• _Try it_
Could you output each line below precisely as it stands, without the images?

• _Data section_
============================================================

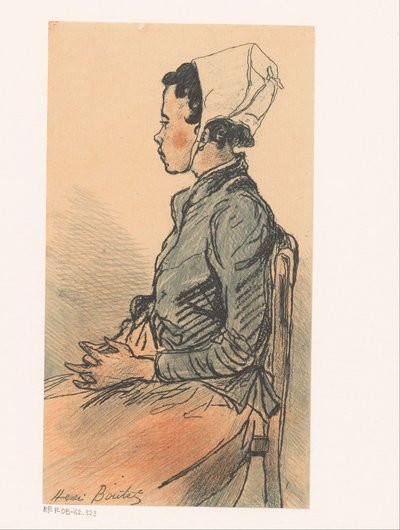 Side View of a Young Woman on a Chair by Henri Boutet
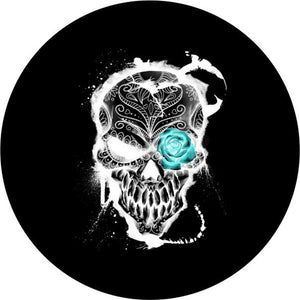 Skull With Teal Flower Spare Tire Cover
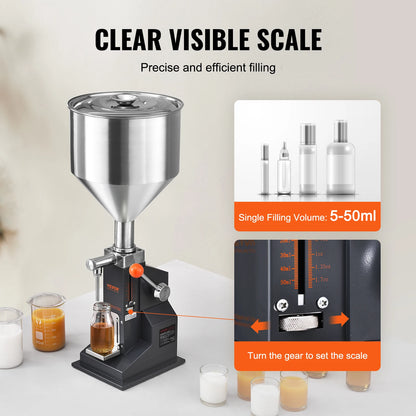 VEVOR A03 Manual Liquid Filling Machine for Water Juice Honey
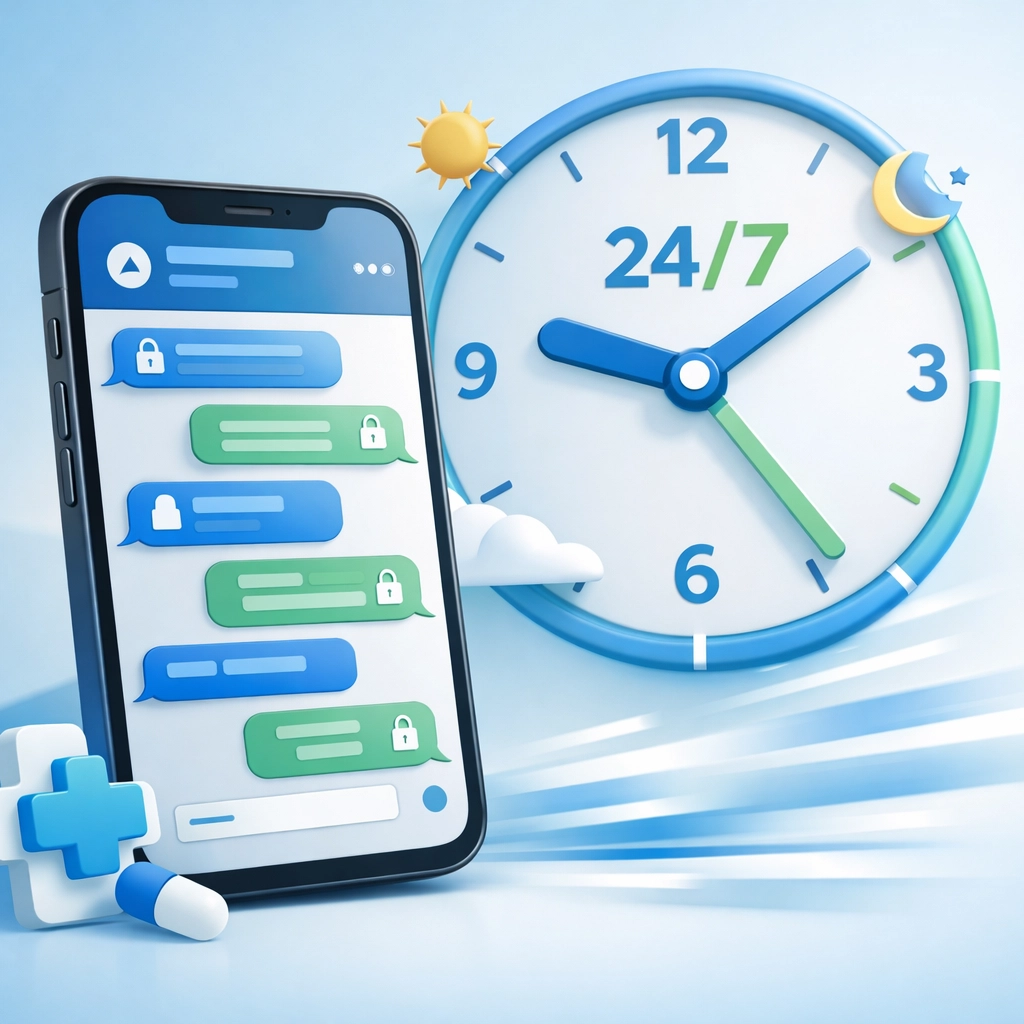 Smartphone showing secure medical messaging for same-day online doctor treatment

============================================================

• _Result_
 Side View of a Young Woman on a Chair by Henri Boutet
 Skull With Teal Flower Spare Tire Cover
 VEVOR A03 Manual Liquid Filling Machine for Water Juice Honey
 Smartphone showing secure medical messaging for same-day online doctor treatment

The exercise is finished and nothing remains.